2008 aviation accident in Suriname

On 3 April 2008, a Blue Wing Airlines Antonov An-28 registered as PZ-TSO) crashed upon landing at Lawa Antino Airport in Benzdorp, Suriname. The plane carried 17 passengers and a crew of 2, all of whom perished. The crash occurred at around 11:00 am ART (14:00 UTC). Initial media reports indicated that the airplane had to abort the landing, as the runway was being used by another Blue Wing Airlines Anotnov An-28.
 The airplane attempted a go-around, but failed to gain height and crashed into a mountain.

==Casualties==
The pilot, Soeriani Jhauw-Verkuijl, was the wife of Blue Wing Airlines president Amichand Jhauw. Her brother and colleague was an eyewitness to the crash. Also among the casualties was co-pilot Robert Lackin, as well as a family of six from Antécume-Pata, citizens of French Guiana. They were to have flown on to Anapaike.

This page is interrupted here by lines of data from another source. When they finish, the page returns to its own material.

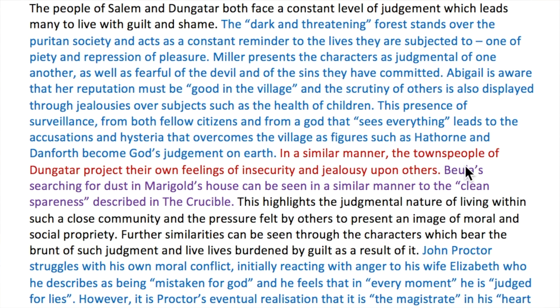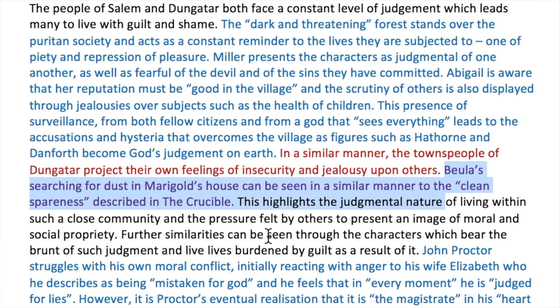Notice also how it gets to the sentence that talks about both of the texts together — talking about Bueller's searching for dust in the house being seen in a similar manner to the clean spareness in The Crucible. This is a sophisticated way of outlining a holistic understanding of what both texts are about by being able to talk about them both in the same sentence. As we move on to the next sentence in this paragraph, you'll notice that all of the work done before culminates in this analysis and comparison between the two.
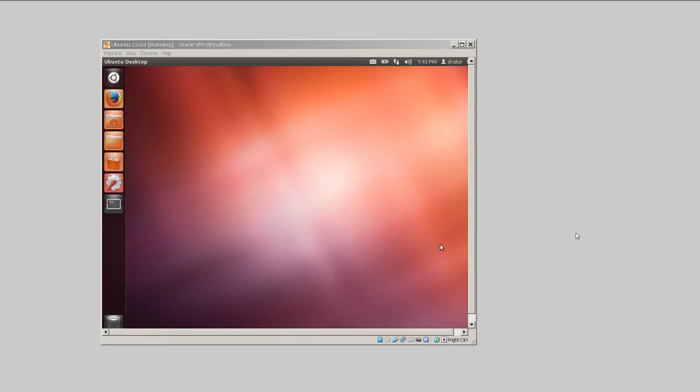What's up? Drake Garibay here for GaribayComputer.com and welcome back to another tech tip of the day. Today I'm going to be discussing how to fix the full screen problem within VirtualBox.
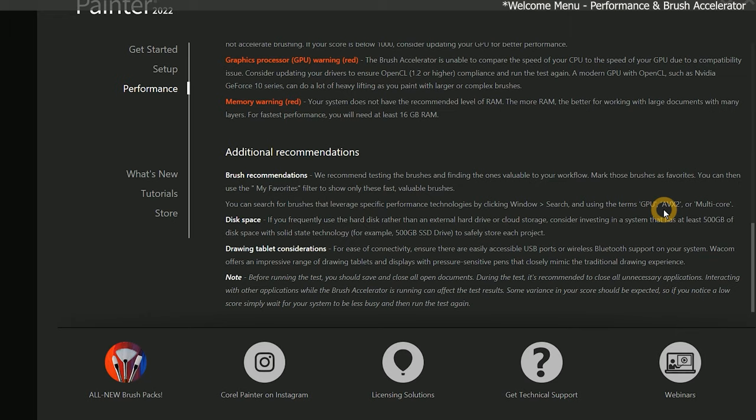For those of you who upgraded from Painter 2021, impasto brushes are faster on default and thick paint layers, and some other brushes, erasers, and plugins are two times faster.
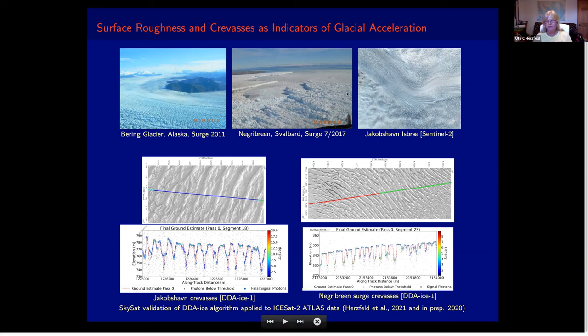Here is some background on the glaciology involved. You can see in the middle this glacier in Svalbard — Negribreen — as it goes forward really fast. In the background there is really smooth ice.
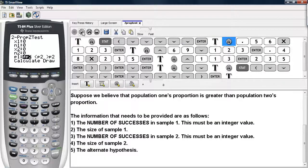The information that we need to provide is as follows: the number of successes from the first sample — and this must be an integer value — and then the sample size from the first sample.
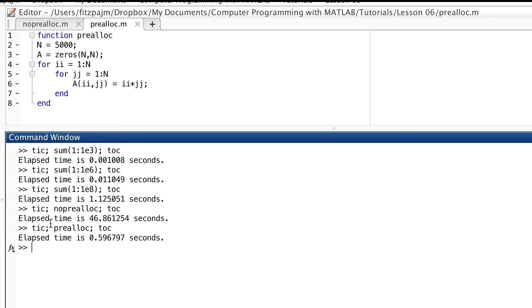Wow. That's a little better. 0.596 seconds. That's how many times faster? Let's calculate that. 78 times faster.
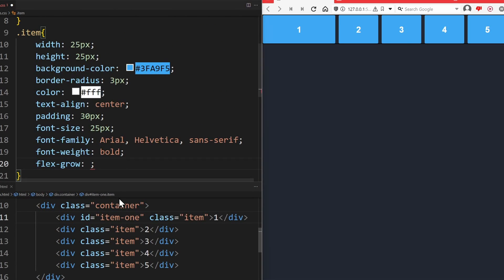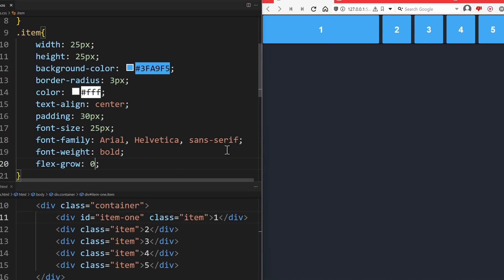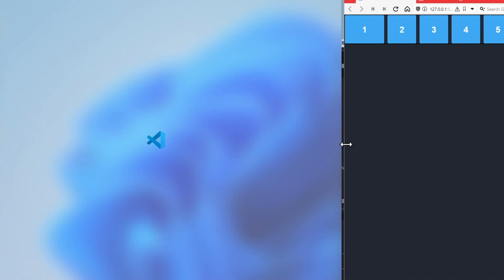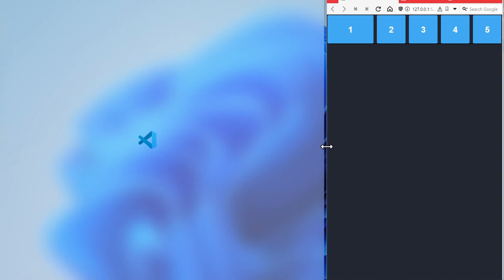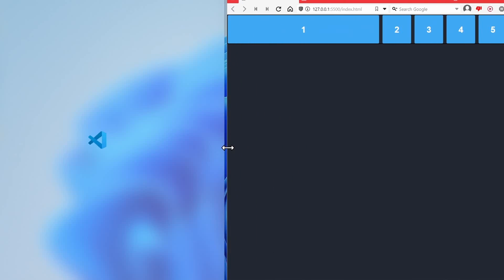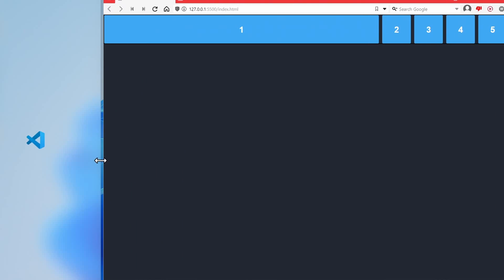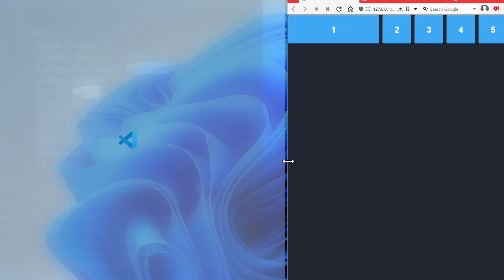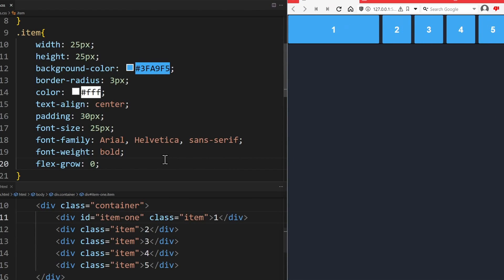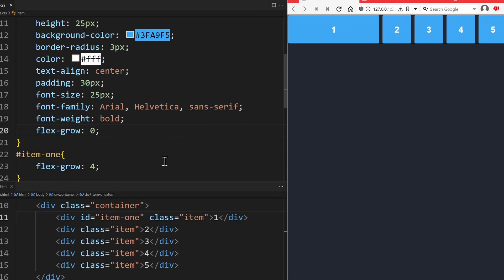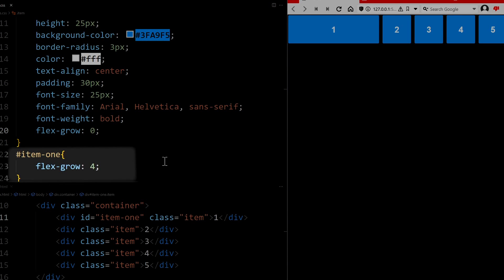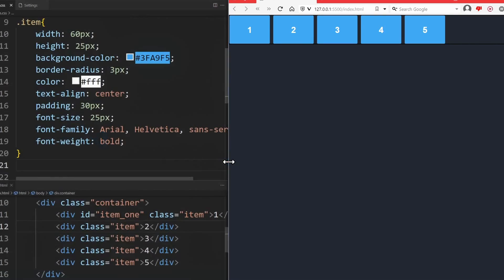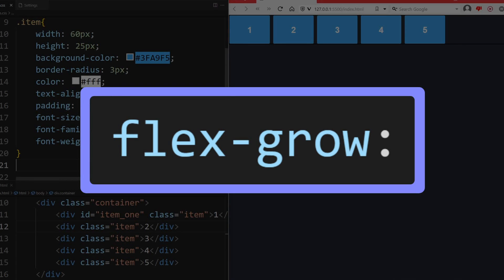This does not mean that it is 4 times bigger than the others. It only means that it will cover 4 times more of any new available space. If you set flexgrow to 0, the items will not be able to grow. Now only the first item will grow, and the others won't. The value we assign is only important when compared to other flexgrow values. Currently, it doesn't matter at all if this item has a flexgrow of 1, 4, or even 10, because there's no one else competing for the free space. If there is less space available, the elements will shrink.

A Dutch national police forensic team was dispatched to assist in the identification of victims. While nine of the victims were identified in Suriname, the last ten were identified, using DNA analysis, by a Dutch forensic institute.

==Flight==
The plane had taken off from Zorg en Hoop Airport in Paramaribo with seventeen passengers and two crew at 10:00 local time. Eleven were due to disembark at Lawa Antino airstrip, 10 km west of the southeastern gold mining town of Benzdorp, near the Lawa River bordering French Guiana. They were preparing to work for telecommunications company Telesur.